Description
Sometimes, we have a bitstring where we want to extract certain bits. E.g. to extract the X
bits from XXXX....XXXX
, we can do:
(i & 0xF) | ((i >> 4) & 0xF0)
This has 4 operations and will take ~3 cycles, assuming the (i & 0xF)
can run in parallel to i >> 4
or the & 0xF0
(and not counting the mov
).
mov eax, edi
shr edi, 4
and eax, 15
and edi, 240
or eax, edi
Alternatively, we can condense this into a single pext instruction on x86_64 machines with bmi2.
mov eax, 3855
pext eax, edi, eax
Even fancier would be if we could detect more advanced bit-concentration patterns. Here is some real Zig code which concentrates the highest bit of each byte:
fn swarMovMask(v: anytype) @TypeOf(v) {
comptime assert(@divExact(@bitSizeOf(@TypeOf(v)), 8) <= 8);
const ones: @TypeOf(v) = @bitCast(@as(@Vector(@sizeOf(@TypeOf(v)), u8), @splat(1)));
const msb_mask = 0x80 * ones;
// We are exploiting a multiplication as a shifter and adder, and the derivation of this number is
// shown here as a comptime loop.
// This trick is often generalizable to other problems too: https://stackoverflow.com/a/14547307
comptime var mult: @TypeOf(v) = 0;
comptime for (0..@sizeOf(@TypeOf(v))) |i| {
mult |= @as(@TypeOf(v), 1) << (7 * i);
};
// Example with 32 bit integers:
// We want to concentrate the upper bits of each byte into a single nibble.
// Doing the gradeschool multiplication algorithm, we can see that each 1 bit
// in the bottom multiplicand shifts the upper multiplicand, and then we add all these
// shifted bitstrings together. (Note `.` represents a 0)

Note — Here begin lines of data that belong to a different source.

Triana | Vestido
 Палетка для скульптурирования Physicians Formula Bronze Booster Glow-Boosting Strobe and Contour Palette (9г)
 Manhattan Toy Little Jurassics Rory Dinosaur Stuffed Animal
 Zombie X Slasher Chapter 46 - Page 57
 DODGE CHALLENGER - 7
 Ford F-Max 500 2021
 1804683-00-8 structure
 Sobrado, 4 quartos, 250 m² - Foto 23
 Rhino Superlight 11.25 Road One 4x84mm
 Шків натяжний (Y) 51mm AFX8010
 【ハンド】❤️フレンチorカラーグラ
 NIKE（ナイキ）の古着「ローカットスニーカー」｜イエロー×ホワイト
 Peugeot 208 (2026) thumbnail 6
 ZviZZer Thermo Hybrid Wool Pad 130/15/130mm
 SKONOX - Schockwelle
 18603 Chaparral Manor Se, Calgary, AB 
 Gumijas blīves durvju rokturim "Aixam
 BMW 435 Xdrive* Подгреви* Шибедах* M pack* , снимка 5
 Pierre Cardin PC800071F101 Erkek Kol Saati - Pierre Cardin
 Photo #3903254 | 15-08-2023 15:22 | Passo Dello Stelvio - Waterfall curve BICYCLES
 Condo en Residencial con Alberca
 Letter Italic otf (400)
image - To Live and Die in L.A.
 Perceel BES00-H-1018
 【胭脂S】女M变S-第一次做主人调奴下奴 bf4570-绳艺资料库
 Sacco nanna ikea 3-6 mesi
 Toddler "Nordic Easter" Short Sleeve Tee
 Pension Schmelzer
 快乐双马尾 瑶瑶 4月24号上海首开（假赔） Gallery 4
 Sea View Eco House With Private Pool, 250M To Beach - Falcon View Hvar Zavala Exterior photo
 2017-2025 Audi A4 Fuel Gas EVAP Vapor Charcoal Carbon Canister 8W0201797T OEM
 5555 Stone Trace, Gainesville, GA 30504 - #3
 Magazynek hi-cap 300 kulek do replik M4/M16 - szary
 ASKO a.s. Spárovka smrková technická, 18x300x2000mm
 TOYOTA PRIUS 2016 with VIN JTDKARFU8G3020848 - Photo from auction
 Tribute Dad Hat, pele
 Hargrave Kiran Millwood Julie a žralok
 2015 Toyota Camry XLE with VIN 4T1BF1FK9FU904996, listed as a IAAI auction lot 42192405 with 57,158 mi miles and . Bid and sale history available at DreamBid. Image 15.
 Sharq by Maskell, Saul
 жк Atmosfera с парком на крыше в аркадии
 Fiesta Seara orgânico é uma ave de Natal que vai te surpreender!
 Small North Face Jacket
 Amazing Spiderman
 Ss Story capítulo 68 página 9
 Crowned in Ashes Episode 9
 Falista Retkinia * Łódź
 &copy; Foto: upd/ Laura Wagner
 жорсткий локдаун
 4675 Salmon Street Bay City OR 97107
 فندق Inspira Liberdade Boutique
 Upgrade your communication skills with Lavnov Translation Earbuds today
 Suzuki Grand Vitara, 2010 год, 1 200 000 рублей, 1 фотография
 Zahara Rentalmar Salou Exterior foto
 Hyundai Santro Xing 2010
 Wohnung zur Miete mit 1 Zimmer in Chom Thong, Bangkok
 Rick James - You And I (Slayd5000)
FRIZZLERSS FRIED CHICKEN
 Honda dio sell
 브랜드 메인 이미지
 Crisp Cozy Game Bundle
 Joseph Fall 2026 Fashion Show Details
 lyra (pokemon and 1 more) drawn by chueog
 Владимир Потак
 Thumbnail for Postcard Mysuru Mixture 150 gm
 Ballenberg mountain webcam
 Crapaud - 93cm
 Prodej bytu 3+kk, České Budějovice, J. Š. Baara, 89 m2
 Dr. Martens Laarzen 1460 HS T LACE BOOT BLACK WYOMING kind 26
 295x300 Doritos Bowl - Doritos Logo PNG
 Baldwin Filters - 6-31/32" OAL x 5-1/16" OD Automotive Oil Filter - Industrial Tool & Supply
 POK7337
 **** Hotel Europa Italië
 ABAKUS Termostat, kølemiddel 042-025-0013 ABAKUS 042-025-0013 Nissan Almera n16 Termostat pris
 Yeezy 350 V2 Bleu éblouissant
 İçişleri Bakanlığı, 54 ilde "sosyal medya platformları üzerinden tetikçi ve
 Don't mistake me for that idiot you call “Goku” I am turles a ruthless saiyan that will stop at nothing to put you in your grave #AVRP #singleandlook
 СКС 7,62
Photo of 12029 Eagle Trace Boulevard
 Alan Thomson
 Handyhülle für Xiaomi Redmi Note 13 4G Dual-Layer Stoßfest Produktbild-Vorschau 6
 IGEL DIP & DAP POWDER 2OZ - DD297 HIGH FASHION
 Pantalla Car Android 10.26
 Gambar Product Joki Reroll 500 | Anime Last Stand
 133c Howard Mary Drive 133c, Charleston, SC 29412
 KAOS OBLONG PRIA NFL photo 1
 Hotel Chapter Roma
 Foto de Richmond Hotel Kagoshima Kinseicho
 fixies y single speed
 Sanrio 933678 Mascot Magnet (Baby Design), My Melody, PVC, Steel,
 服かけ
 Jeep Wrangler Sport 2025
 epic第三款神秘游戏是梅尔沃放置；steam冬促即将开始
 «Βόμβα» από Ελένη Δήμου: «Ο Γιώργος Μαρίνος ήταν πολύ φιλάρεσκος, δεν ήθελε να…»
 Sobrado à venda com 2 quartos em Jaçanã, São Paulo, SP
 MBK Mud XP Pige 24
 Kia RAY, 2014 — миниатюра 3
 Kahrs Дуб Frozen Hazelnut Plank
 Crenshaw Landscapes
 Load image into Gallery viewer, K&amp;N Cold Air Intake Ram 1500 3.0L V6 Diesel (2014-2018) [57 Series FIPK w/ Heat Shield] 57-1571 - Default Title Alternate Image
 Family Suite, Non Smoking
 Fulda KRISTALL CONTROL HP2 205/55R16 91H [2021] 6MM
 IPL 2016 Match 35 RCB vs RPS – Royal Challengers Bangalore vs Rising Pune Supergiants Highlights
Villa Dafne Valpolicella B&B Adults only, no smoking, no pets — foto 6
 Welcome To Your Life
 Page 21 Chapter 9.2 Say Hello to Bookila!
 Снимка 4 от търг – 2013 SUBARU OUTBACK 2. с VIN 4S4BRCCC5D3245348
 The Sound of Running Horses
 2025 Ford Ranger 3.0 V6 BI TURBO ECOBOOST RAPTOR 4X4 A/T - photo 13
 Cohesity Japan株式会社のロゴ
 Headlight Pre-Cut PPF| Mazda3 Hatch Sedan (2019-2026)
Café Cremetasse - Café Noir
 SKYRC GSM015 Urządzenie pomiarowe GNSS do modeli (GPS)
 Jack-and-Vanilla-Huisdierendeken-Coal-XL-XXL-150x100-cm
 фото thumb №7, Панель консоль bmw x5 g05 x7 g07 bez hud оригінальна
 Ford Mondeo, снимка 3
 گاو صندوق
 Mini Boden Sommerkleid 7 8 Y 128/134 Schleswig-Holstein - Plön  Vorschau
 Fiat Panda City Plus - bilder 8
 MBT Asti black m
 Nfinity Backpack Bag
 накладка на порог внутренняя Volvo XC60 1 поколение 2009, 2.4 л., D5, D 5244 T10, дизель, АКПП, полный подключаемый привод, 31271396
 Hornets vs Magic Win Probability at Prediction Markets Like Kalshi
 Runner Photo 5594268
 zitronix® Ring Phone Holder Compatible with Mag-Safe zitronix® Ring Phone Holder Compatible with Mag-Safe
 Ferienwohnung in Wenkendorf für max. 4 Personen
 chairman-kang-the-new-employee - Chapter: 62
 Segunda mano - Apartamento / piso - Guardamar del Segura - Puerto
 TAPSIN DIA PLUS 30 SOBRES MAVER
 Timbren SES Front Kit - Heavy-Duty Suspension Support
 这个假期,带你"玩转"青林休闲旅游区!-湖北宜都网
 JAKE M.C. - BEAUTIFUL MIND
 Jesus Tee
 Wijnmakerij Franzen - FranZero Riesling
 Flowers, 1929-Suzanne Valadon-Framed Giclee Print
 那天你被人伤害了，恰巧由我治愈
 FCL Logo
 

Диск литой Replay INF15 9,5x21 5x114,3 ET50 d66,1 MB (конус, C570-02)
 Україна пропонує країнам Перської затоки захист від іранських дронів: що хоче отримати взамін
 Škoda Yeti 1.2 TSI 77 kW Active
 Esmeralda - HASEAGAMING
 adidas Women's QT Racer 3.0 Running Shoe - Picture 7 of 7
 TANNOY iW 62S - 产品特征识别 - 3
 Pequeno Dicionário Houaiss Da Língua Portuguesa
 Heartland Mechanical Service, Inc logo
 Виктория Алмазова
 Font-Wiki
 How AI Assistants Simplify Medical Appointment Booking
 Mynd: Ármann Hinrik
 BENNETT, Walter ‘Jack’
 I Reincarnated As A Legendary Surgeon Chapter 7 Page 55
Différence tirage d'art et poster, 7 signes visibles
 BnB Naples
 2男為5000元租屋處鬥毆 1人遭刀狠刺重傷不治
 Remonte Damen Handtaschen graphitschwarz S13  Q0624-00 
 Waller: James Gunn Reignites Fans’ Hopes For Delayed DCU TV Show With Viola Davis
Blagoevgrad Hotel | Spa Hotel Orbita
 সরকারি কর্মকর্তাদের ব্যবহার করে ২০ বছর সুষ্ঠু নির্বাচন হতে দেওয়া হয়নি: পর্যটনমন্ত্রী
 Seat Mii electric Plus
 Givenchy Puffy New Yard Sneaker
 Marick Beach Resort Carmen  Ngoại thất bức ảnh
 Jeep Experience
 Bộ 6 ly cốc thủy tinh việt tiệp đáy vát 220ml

// a.......b.......c.......d.......
// * ..........1......1......1......1
// -------------------------------------------------------------------------
// a.......b.......c.......d.......
// .b.......c.......d..............
// ..c.......d.....................
// + ...d............................
// -------------------------------------------------------------------------
// abcd....bcd.....cd......d.......
// Then we simply shift to the right by `32 - 4` (bitstring size minus the number of relevant bits) to isolate the desired `abcd` bits in the least significant byte!
// Inspired by: http://0x80.pl/articles/scalar-sse-movmask.html
return (mult *% (v & msb_mask)) >> (@bitSizeOf(@TypeOf(v)) - @sizeOf(@TypeOf(v)));
}
For 32 bit integers, this becomes:
(0x204081 *% (v & 0x80808080)) >> 28
In assembly:
and edi, 0x80808080
imul eax, edi, 0x204081
shr eax, 28
Which we can reduce to:
mov eax, 0x80808080
pext eax, edi, eax
Note: for AMD CPUs, this optimization should only be applied to Zen 3 or newer. Before that, the pext instruction was implemented via microcode and was very slow.